[YOUR INSTRUCTIONS]: In the material below, the lines from the one containing "296 Magnolia Road" through the one containing "The most debated DCI finals ever" are to be given again exactly, ends included, and no others.

[PROVIDED RECORDS]:
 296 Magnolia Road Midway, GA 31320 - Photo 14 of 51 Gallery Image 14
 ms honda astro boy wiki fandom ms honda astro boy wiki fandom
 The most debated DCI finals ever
--
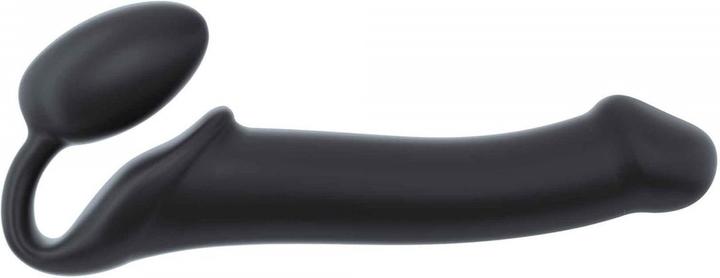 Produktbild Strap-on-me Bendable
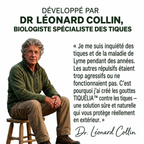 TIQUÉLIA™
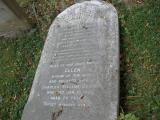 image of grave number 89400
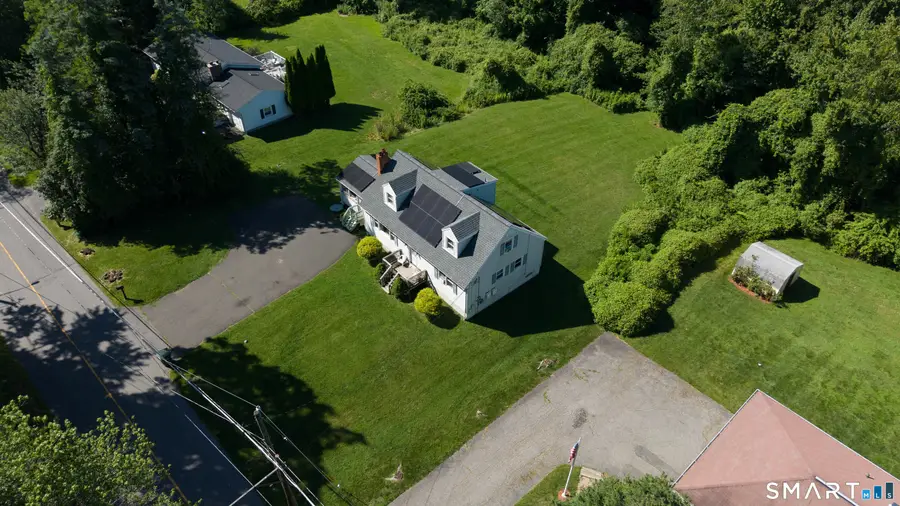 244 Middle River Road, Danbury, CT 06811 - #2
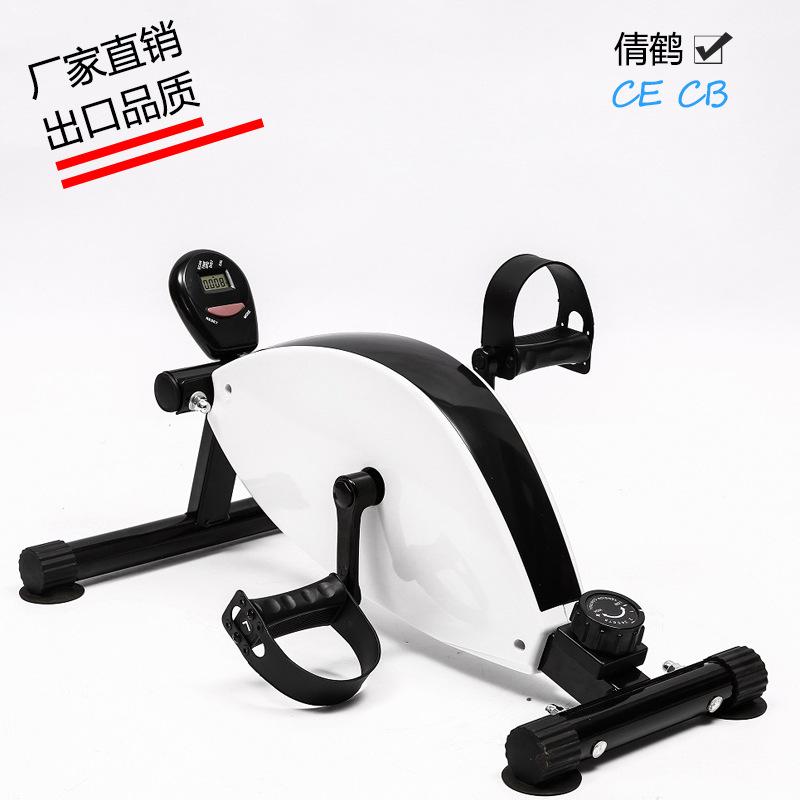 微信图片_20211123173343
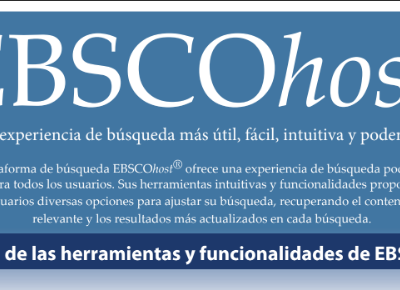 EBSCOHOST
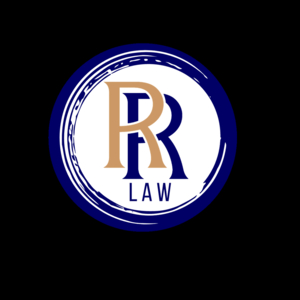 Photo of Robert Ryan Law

[ANSWER TO THE EXERCISE]:
 296 Magnolia Road Midway, GA 31320 - Photo 14 of 51 Gallery Image 14
 ms honda astro boy wiki fandom ms honda astro boy wiki fandom
 The most debated DCI finals ever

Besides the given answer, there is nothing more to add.